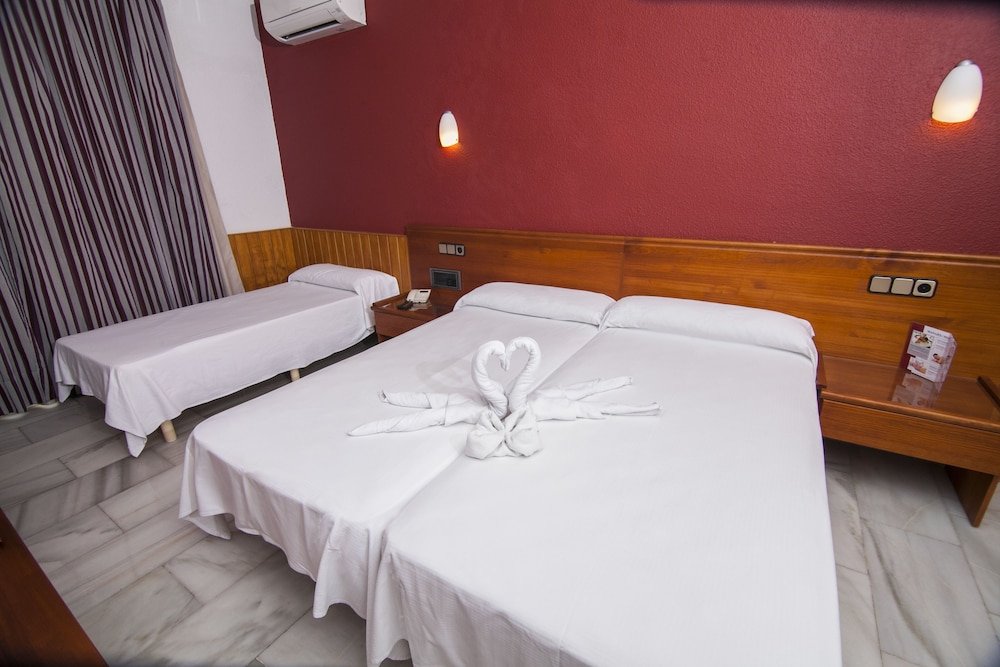 Фото Nerja Club by Dorobe Hotels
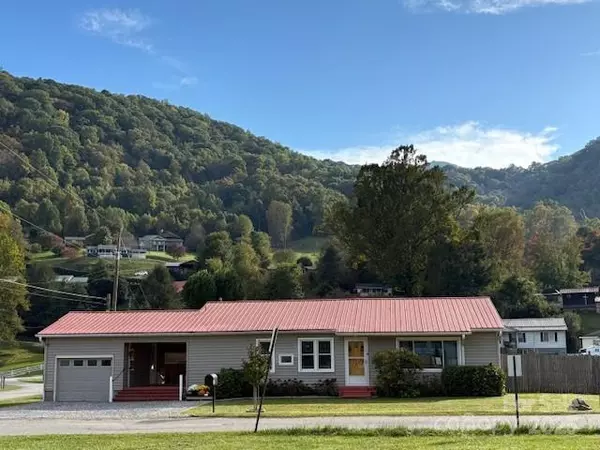 5 Gibson DR, Maggie Valley, NC 28751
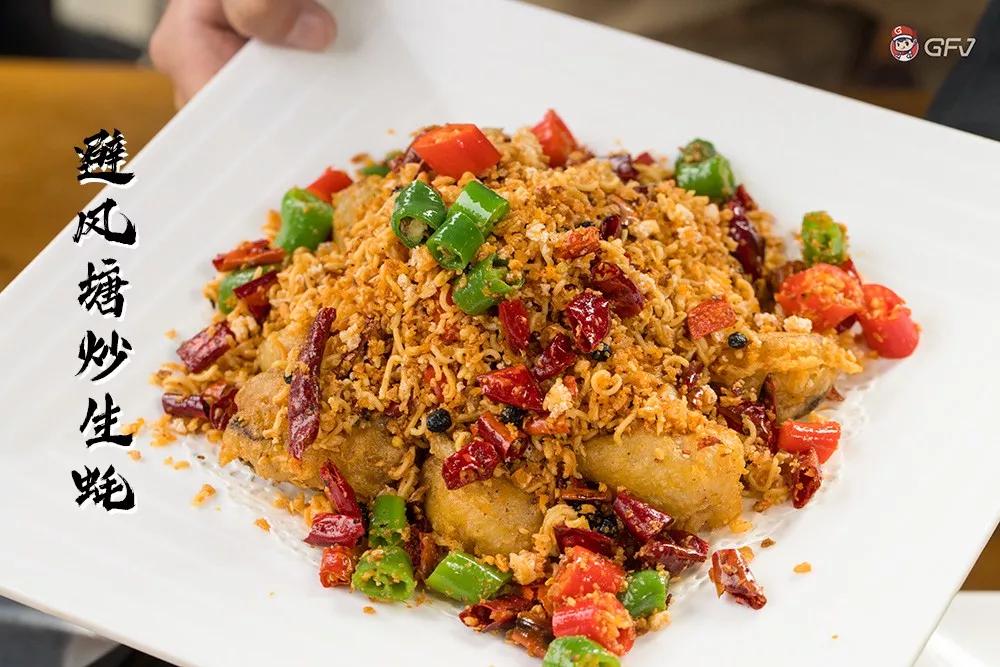 最香口:避风塘炒生蚝  限时优惠价:33元/份(10只) 清蒸生蚝就吃刀多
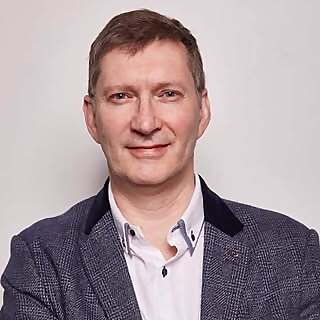 Dr Simon Poole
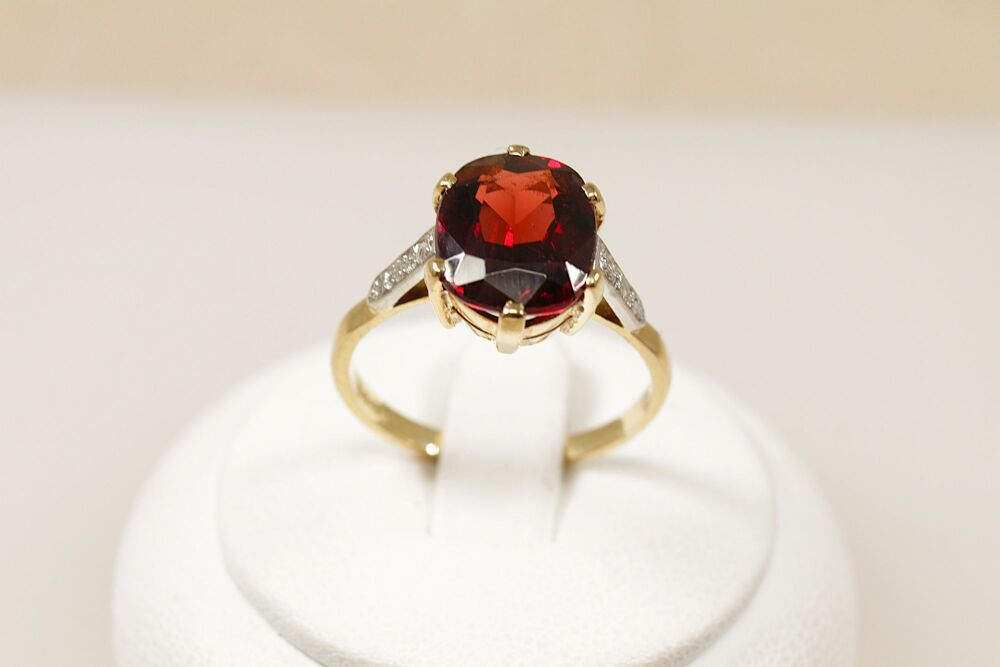 18ct Gold Rhodolite Garnet Solitaire Ring   #3774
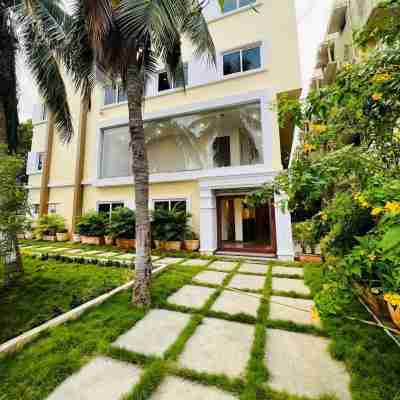 De Crown Luxury Hotel Hotel Exterior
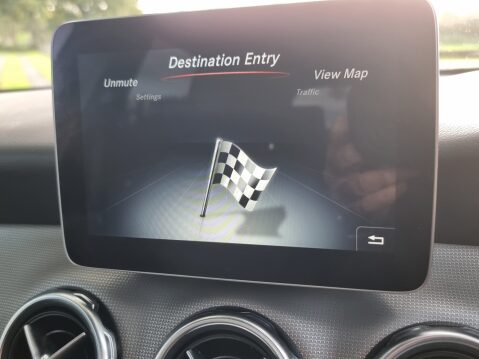 Mercedes-Benz GLA Class GLA 200 D SPORT PREMIUM PLUS 48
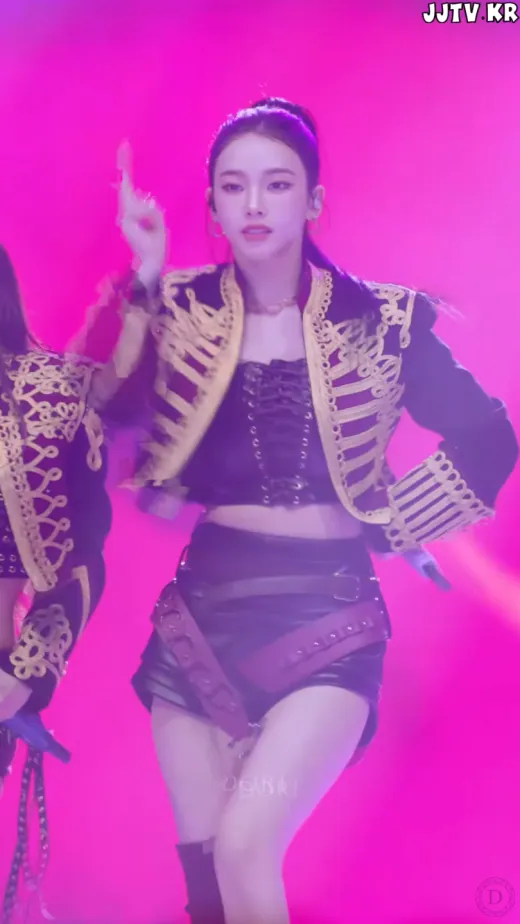 의외로 흔하지 않게 생긴 카리나 얼굴 근황.jpgif | 인스티즈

• _Work to complete_
Drop every picture and repeat the rest of the entries exactly.

• _The completed task_
 Фото Nerja Club by Dorobe Hotels
 5 Gibson DR, Maggie Valley, NC 28751
 最香口:避风塘炒生蚝  限时优惠价:33元/份(10只) 清蒸生蚝就吃刀多
 Dr Simon Poole
 18ct Gold Rhodolite Garnet Solitaire Ring   #3774
 De Crown Luxury Hotel Hotel Exterior
 Mercedes-Benz GLA Class GLA 200 D SPORT PREMIUM PLUS 48
 의외로 흔하지 않게 생긴 카리나 얼굴 근황.jpgif | 인스티즈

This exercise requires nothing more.